## PROBLEM
Your answer should be the lines below from the one holding "东洲登高车厂家厂家-登高车与电动升降平台怎么选？十五年设备采购经验分享" through the one holding "Death in the", copied exactly and with nothing else.

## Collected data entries
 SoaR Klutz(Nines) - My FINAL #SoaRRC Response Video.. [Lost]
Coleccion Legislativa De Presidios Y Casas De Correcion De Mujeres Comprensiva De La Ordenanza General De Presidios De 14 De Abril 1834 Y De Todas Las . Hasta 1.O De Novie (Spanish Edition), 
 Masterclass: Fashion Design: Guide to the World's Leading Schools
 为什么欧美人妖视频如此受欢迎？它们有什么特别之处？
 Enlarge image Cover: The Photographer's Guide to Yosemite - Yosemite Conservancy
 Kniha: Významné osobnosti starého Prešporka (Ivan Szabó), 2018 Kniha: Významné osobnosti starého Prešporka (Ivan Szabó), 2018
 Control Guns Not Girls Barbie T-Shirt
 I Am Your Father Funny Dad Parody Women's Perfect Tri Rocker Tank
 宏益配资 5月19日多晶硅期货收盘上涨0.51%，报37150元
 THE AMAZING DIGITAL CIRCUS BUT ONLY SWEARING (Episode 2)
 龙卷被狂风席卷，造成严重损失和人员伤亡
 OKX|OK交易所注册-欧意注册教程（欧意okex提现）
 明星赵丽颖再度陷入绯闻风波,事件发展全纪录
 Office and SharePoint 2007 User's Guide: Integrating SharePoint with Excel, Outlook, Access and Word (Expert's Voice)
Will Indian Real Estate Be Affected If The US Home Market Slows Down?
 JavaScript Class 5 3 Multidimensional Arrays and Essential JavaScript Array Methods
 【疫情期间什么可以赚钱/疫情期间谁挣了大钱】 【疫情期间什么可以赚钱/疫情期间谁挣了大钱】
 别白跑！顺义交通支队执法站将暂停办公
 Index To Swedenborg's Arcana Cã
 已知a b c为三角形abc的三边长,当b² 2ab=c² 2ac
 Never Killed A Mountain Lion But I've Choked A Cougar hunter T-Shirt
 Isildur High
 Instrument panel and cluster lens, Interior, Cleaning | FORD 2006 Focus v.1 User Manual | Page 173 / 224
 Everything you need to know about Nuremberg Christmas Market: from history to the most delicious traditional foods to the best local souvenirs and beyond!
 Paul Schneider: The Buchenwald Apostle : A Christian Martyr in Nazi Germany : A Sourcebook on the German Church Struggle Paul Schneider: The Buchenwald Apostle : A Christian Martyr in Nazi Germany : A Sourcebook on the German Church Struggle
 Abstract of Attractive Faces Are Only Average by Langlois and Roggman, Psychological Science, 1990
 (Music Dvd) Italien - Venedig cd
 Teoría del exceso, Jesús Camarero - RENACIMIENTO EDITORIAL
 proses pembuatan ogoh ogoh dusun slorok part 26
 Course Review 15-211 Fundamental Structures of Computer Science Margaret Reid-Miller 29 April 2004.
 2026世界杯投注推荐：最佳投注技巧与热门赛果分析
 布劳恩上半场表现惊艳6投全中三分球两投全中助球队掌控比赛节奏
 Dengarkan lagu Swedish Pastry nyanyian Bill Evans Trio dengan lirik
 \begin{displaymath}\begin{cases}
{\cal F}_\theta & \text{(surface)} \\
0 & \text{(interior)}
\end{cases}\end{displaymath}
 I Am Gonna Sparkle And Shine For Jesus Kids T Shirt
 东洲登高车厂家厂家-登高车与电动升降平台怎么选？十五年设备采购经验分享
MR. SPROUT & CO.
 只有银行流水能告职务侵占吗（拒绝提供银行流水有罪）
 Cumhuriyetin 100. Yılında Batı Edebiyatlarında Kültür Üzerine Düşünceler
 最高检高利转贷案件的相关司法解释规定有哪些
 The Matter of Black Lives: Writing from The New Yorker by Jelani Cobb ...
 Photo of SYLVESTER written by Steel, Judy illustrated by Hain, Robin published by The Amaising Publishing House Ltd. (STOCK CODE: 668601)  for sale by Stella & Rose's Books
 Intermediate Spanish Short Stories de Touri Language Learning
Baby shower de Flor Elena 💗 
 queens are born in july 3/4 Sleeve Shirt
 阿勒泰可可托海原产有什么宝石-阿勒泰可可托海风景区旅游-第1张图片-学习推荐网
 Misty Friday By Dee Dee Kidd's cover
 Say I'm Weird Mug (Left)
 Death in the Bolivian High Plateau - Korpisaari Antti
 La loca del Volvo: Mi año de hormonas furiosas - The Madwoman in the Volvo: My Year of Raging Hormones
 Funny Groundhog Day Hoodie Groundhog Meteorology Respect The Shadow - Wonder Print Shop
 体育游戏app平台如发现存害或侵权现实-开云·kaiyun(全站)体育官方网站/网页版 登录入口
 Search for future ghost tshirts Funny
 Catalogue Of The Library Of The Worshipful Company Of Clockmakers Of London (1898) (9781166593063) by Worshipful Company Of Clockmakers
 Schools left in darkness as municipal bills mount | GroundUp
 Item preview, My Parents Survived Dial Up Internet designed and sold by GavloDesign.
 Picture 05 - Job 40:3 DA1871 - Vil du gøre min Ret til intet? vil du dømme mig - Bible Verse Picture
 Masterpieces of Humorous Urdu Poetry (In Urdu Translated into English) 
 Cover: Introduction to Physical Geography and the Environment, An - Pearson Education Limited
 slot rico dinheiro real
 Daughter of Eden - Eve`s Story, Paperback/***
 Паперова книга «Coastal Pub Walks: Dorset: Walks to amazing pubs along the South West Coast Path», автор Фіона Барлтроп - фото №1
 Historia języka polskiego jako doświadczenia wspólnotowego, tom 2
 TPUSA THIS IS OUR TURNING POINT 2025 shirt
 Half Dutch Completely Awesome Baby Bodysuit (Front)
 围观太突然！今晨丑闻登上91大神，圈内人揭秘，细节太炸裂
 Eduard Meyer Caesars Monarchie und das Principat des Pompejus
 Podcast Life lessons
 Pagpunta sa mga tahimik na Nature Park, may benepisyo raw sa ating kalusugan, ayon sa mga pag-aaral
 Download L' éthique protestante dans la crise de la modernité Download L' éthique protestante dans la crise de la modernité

## RESULT OF THIS TASK
 东洲登高车厂家厂家-登高车与电动升降平台怎么选？十五年设备采购经验分享
MR. SPROUT & CO.
 只有银行流水能告职务侵占吗（拒绝提供银行流水有罪）
 Cumhuriyetin 100. Yılında Batı Edebiyatlarında Kültür Üzerine Düşünceler
 最高检高利转贷案件的相关司法解释规定有哪些
 The Matter of Black Lives: Writing from The New Yorker by Jelani Cobb ...
 Photo of SYLVESTER written by Steel, Judy illustrated by Hain, Robin published by The Amaising Publishing House Ltd. (STOCK CODE: 668601)  for sale by Stella & Rose's Books
 Intermediate Spanish Short Stories de Touri Language Learning
Baby shower de Flor Elena 💗 
 queens are born in july 3/4 Sleeve Shirt
 阿勒泰可可托海原产有什么宝石-阿勒泰可可托海风景区旅游-第1张图片-学习推荐网
 Misty Friday By Dee Dee Kidd's cover
 Say I'm Weird Mug (Left)
 Death in the Bolivian High Plateau - Korpisaari Antti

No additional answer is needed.